> [THE TASK]
Exactly the lines from the one containing "Used Volkswagen Lavida" through the end of the data, and nothing more, should be retyped; pictures stay out.

> [Items from a dataset]

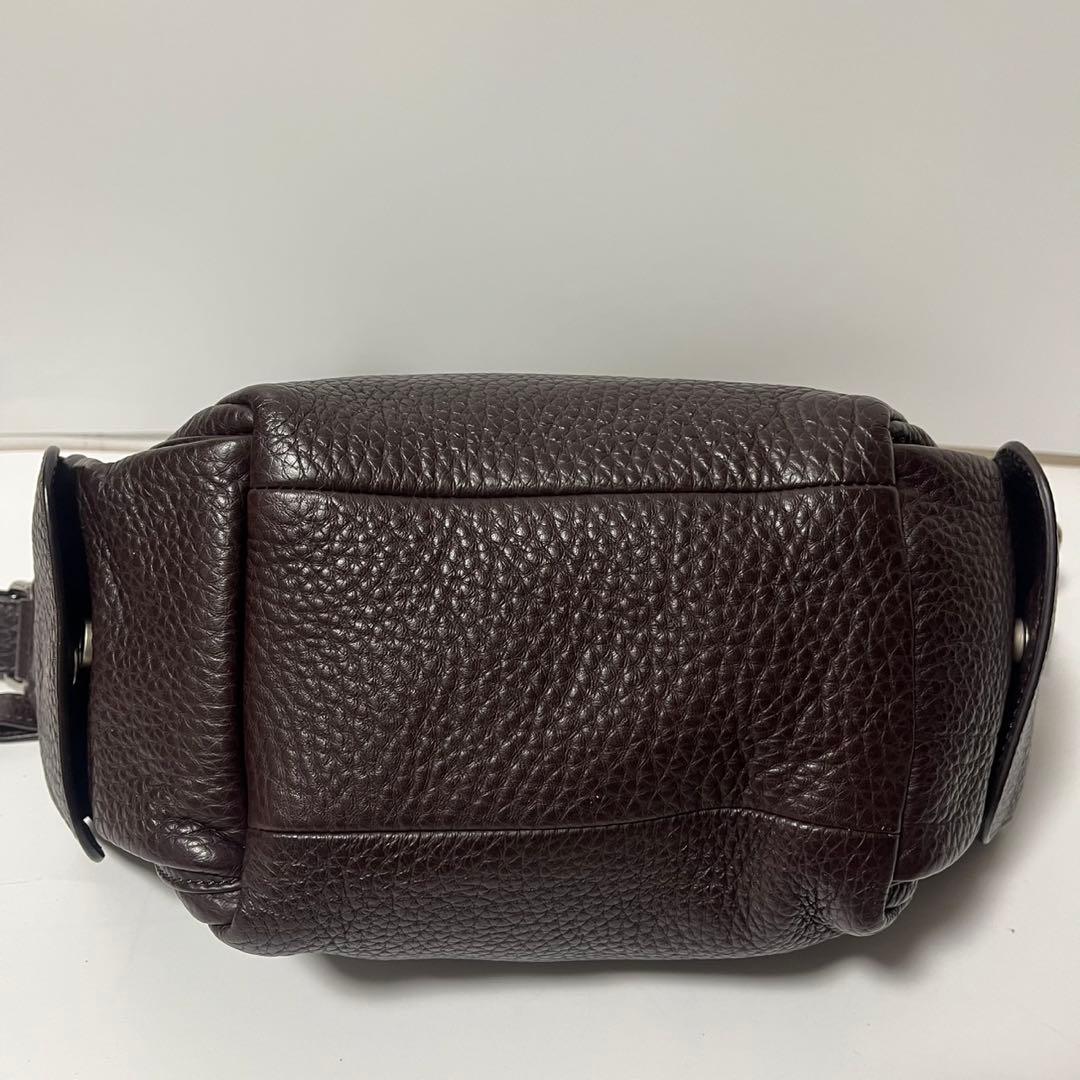 ✨未使用保管品✨　EMPORIO ARMANI ショルダーバッグ　レザー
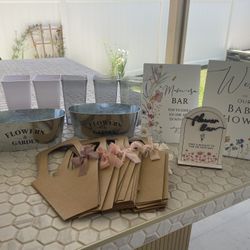Baby In Bloom Shower Decor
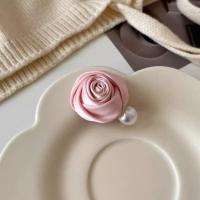 ราคา กิ๊บหนีบผมสวยๆ กิ๊บติดผมเด็ก กิ๊ฟน่ารักๆ ของน่ารักๆถูกๆ โบว์มัดผมสวยๆ กิ๊บตรุษจีน กิ๊บติดผมโบว์ ดอกไม้ประดับดอกไม้ คลิปผมกุหลาบ ชุดคลุมศีรษะ สไตล์เกาหลีแบบ กิ๊บติดผมผ้าไหมซาติน แฟชั่นสำหรับผู้หญิง วิน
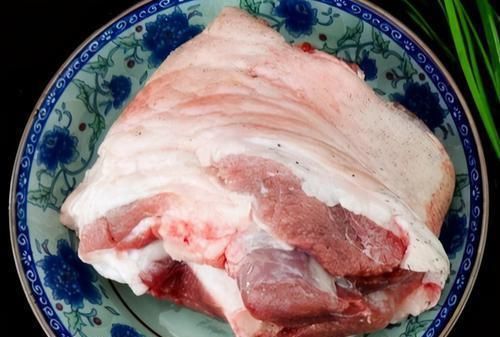 香料|红烧肘子家常版，不用油炸，40分钟皮酥肉烂，元旦宴客有面子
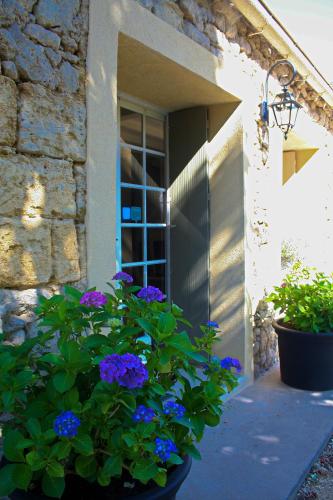 Exterior view, Bleu Raisin in Les Salles-de-Castillon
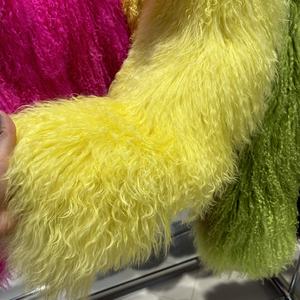 <span class=keywords><strong>Cappotto</strong></span> da Donna Corto in <span class=keywords><strong>Pelliccia</strong></span> di Pecora Grigia con <span class=keywords><strong>Pelliccia</strong></span> Mongola all'Ingrosso in Vera <span class=keywords><strong>Pelliccia</strong></span> d'Agnello - Product Image 3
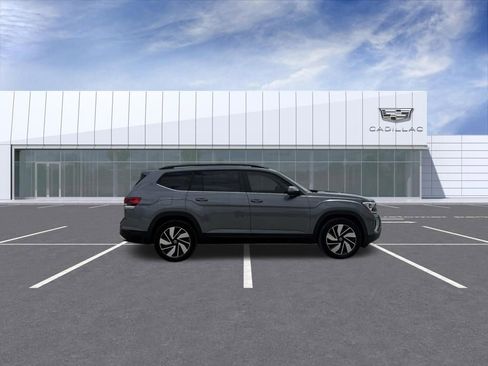 Used 2024 Volkswagen Atlas SE w/ Panoramic Sunroof Package AWD/4WD image 2
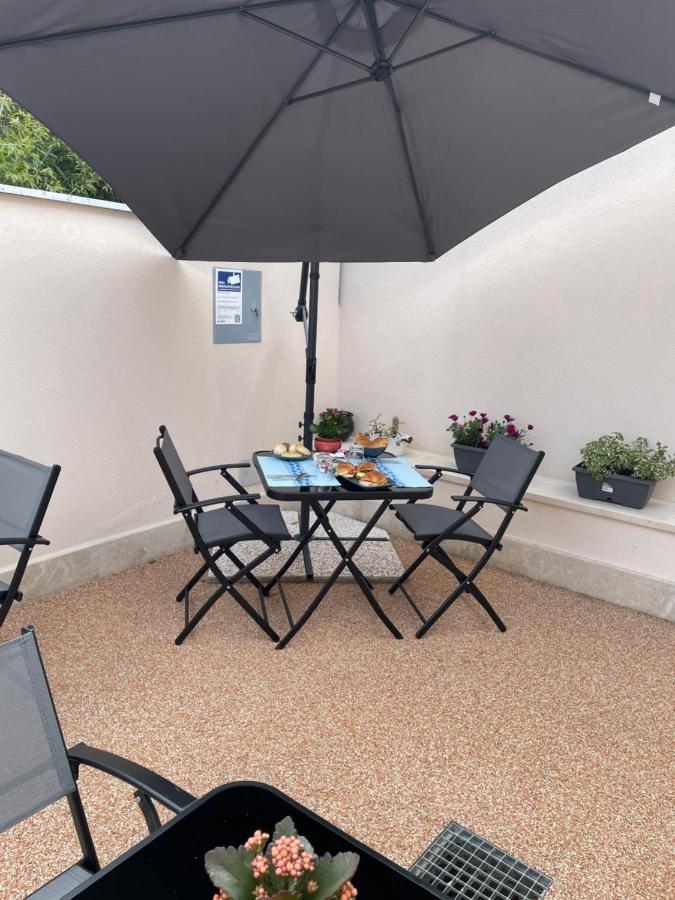 Villino Micol Camere A Due Passi Dal Mare Marina Di Carrara Exteriör bild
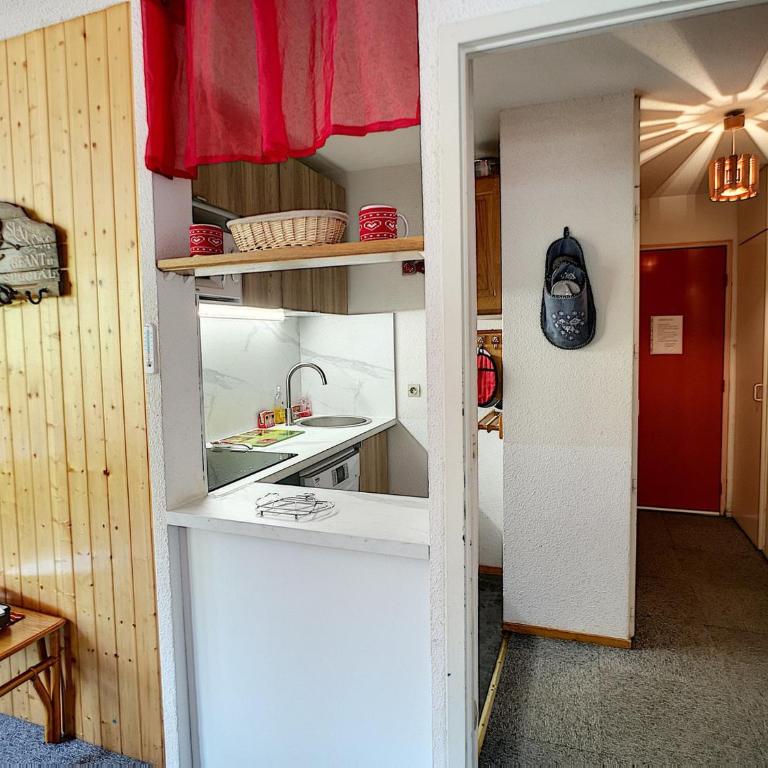 Les Menuires: Appartement 3 pièces, 6 pers, animaux admis - Two-Bedroom Apartment - 7
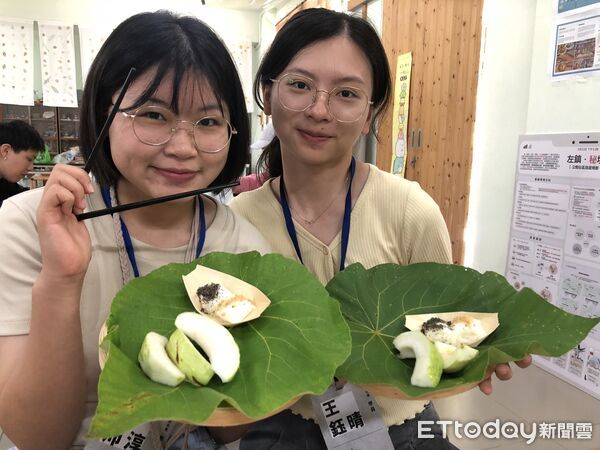 ▲青年參與新化老街導覽行程，走讀百年歷史街區，實地感受創生能量。（記者林東良翻攝，下同）
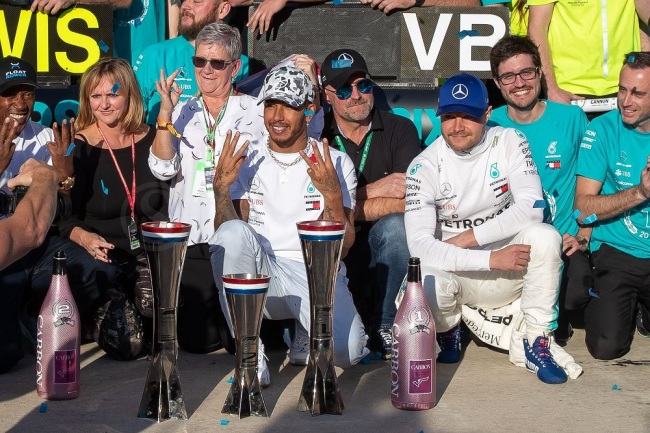 Lewis Hamilton (C) celebrates his sixth F1 world title following the F1 Grand Prix of USA at Circuit of The Americas in Austin, Texas on November 03, 2019. [Photo: VCG]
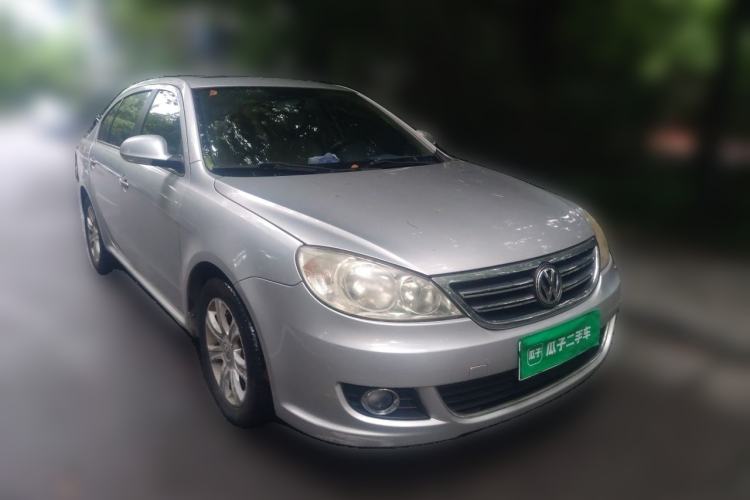 Used Volkswagen Lavida 2011 1.4 TSI DSG Prestige Edition Front Right 45 Deg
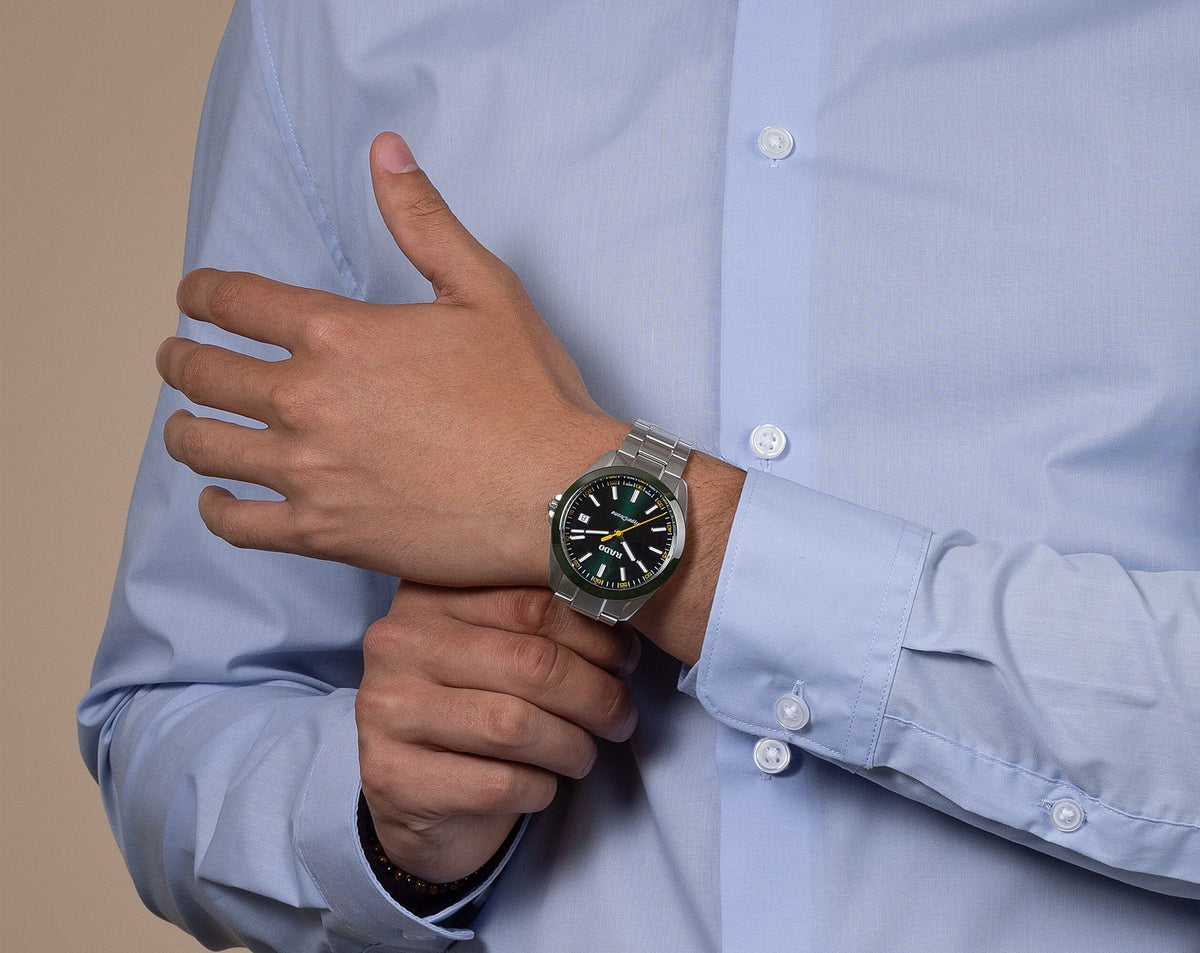 Rado HyperChrome Quartz Men Watches in Round case & Green Dial R32280313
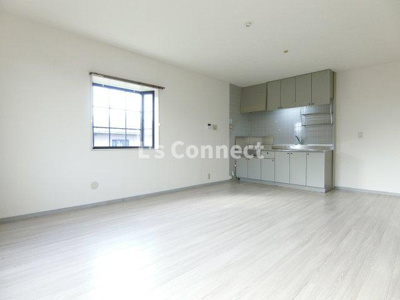 【居間・リビング】 | サンビレッジ南富ヶ丘Ｄ | １２帖のＬＤＫ。角部屋で２面に窓があります。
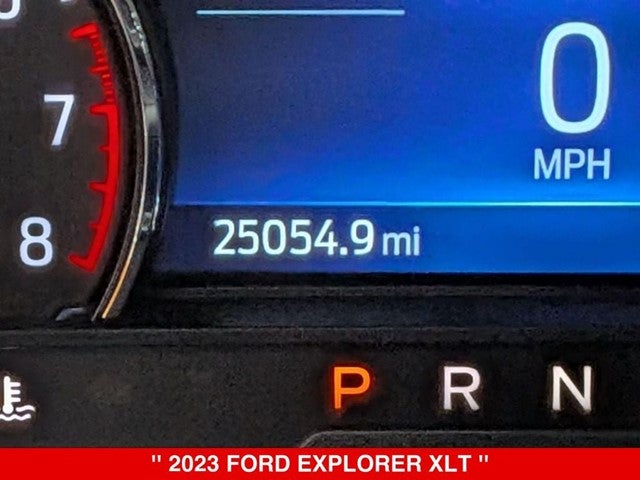 2023 Ford Explorer XLT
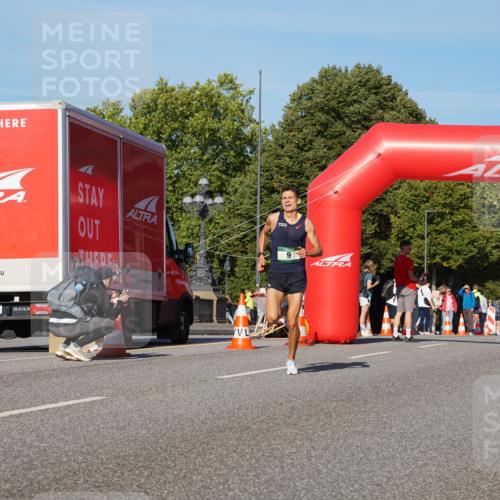 07.09.2025 - BARMER Alsterlauf Yannick Fuchs http://msf.ph/oto/8737135 07.09.2025 09:22:59 Laufen 1 meine-sportfotos.de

> [FINISHED EXERCISE]
 Used Volkswagen Lavida 2011 1.4 TSI DSG Prestige Edition Front Right 45 Deg
 Rado HyperChrome Quartz Men Watches in Round case & Green Dial R32280313
 【居間・リビング】 | サンビレッジ南富ヶ丘Ｄ | １２帖のＬＤＫ。角部屋で２面に窓があります。
 2023 Ford Explorer XLT
 07.09.2025 - BARMER Alsterlauf Yannick Fuchs http://msf.ph/oto/8737135 07.09.2025 09:22:59 Laufen 1 meine-sportfotos.de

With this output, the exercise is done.